Top of The data

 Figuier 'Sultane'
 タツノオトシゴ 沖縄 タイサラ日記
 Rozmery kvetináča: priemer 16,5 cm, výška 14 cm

Bottom of The data

Exercise directions –
Type the whole listing again, unaltered.

Exercise output –
 Figuier 'Sultane'
 タツノオトシゴ 沖縄 タイサラ日記
 Rozmery kvetináča: priemer 16,5 cm, výška 14 cm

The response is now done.